How the ‘Center’ Is Spinning Apart

There’s the old warning that at times the “center cannot hold,” but today’s “center” appears to be self-destructing, creating unnecessary crises and conflicts that worsen the world’s predicament, notes ex-British diplomat Alastair Crooke.

By Alastair Crooke

That “icon” of the “centrists,” Facebook, recently wrote to a site on the U.S. “Alt-Right” telling them that various posts which they had authored must be immediately taken down, or would be deleted. The references which had offended were the words ‘trannies” for transgenders and “cross-dressers.” The message from Facebook further suggested that gender “identity” is considered a “protected characteristic” (under the law – which it is not), and that reference to transgenders as “trannies” could be considered “hate speech” (i.e. a legal offence).

President Donald Trump and Israeli Prime Minister Benjamin Netanyahu at joint press conference on Feb. 15. 2017. (Screen shot from Whitehouse.gov)

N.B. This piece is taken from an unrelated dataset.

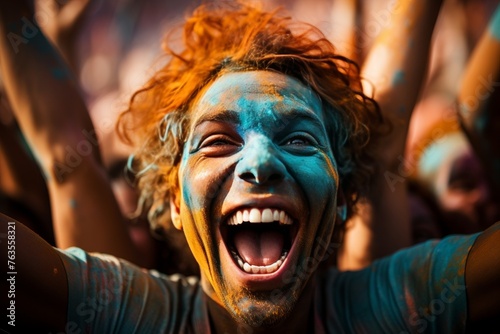 Vibrant holi festival celebration with large crowd joyfully covered in colorful paints in india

A totally trivial issue, in itself, except that it goes to the heart of the disputed vision which encapsulates the present U.S. civil stand-off:  On the one side, the notion that diversity, freely elected sexual orientation, and identity rights, equals societal cohesion and strength. Or, on the other hand, the vision encapsulated by Pat Buchanan: that a nation (including its new-comers) are bound more by the possession of a legacy of memories, a heritage of manners, customs and culture, and an attachment to a certain “way-of-being,” and principles of government. And it is this that constitutes the source of a nation’s strength.

The point here, is that the “centrist” center visibly is folding. The insistence to manage and control discourse (per Michel Foucault), around a strictly de-limited, political ideology is drawing now public disdain (and street demonstrations in the U.S.) targeted both at social media, and at elements of the MSM (mainstream media outlets, such as CNN). That is to say, the more the centrist diversity meme is pushed in the U.S., the greater the popular push-back, it seems.